Antibiotic resistance is a growing concern in the medical field, and alternatives to traditional antibiotics are needed. Some of these alternatives are newly discovered, and some were discovered long ago and seemingly forgotten.
A study led by Emory University is looked back to a Civil War era guide to traditional plant remedies, which was commissioned when front line doctors were running short on conventional medicines and looking for local alternatives. The current study focused on three promising plants from this guide, white oak, tulip poplar and the devil’s walking stick.
The researchers were able to show that these three plants had antimicrobial properties when used against three known wound-infecting bacteria, which are known to be resistant to multiple existing antibiotics.

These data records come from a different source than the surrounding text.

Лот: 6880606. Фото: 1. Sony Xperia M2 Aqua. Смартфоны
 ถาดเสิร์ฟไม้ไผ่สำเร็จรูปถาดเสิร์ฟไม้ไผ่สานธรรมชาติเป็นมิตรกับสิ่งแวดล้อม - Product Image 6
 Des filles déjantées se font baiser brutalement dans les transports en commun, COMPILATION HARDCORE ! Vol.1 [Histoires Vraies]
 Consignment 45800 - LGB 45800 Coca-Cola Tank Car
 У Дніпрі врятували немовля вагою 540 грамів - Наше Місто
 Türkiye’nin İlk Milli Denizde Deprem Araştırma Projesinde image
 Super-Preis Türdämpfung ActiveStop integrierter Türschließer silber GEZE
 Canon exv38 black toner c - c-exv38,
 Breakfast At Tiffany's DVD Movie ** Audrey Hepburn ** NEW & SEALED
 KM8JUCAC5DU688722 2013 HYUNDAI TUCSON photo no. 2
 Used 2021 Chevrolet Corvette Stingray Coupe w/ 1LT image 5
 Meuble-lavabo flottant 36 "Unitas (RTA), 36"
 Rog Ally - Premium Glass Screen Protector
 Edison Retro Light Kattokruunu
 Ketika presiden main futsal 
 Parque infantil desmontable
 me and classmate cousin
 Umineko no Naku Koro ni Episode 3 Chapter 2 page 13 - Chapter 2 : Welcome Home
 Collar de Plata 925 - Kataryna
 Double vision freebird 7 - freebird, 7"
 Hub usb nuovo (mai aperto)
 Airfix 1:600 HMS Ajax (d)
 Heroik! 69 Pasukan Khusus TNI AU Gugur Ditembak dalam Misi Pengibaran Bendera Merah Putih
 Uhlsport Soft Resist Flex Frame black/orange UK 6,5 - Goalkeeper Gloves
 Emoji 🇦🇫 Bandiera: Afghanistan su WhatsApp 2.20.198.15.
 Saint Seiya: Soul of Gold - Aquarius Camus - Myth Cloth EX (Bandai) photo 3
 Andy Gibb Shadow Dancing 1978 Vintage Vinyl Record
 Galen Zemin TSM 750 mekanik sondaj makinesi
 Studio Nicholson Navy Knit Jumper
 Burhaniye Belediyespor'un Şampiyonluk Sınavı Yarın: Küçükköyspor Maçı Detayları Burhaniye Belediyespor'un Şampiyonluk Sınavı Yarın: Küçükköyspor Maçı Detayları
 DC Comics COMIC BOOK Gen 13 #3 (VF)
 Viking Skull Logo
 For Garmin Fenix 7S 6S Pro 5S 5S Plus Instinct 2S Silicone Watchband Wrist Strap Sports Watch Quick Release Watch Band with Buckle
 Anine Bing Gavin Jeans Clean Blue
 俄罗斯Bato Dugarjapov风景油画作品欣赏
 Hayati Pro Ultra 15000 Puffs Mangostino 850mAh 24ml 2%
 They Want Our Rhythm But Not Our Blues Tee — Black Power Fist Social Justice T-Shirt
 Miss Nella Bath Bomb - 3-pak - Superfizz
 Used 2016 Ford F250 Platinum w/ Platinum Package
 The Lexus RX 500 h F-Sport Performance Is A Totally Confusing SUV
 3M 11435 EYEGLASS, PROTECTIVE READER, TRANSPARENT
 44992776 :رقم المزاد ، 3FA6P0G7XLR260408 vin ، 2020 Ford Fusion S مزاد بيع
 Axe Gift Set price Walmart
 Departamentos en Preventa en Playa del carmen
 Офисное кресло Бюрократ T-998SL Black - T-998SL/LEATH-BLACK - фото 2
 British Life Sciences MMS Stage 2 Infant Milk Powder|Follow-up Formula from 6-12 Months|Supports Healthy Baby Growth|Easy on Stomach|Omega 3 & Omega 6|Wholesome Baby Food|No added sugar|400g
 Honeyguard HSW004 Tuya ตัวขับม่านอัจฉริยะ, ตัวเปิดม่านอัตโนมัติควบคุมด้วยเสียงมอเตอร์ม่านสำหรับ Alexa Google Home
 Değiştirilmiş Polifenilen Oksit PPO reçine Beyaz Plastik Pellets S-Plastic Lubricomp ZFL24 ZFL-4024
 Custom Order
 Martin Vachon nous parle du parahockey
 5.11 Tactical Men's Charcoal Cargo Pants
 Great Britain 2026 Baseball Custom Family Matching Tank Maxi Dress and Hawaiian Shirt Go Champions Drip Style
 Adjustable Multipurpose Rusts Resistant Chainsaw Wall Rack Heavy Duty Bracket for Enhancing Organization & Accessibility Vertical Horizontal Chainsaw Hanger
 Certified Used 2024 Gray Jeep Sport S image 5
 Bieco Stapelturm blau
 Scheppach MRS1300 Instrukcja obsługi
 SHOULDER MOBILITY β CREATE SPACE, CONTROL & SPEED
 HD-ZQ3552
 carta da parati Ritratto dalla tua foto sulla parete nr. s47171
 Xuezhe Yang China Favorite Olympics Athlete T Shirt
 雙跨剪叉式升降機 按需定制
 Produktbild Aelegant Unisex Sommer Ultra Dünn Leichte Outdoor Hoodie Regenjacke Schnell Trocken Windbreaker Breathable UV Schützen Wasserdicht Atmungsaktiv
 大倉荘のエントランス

Extracts from white oak and tulip poplar were able to interfere with Staphylococcus aureus’ ability to produce a protective biofilm layer. White oak extracts were also able to inhibit growth of Klebsiella pneumoniae and Aceinetobacter baumannii. Devil’s walking stick extracts were able to prevent Staphylococcus aureus from developing a biofilm, but also were able to ‘disarm’ the bacteria by blocking a signaling system in the bacteria that makes the bacteria more virulent.
While this study shows early promise, before these plants can be used as standard treatments for bacterial infections and wound care further studies will be required to determine exactly which compounds are antimicrobial.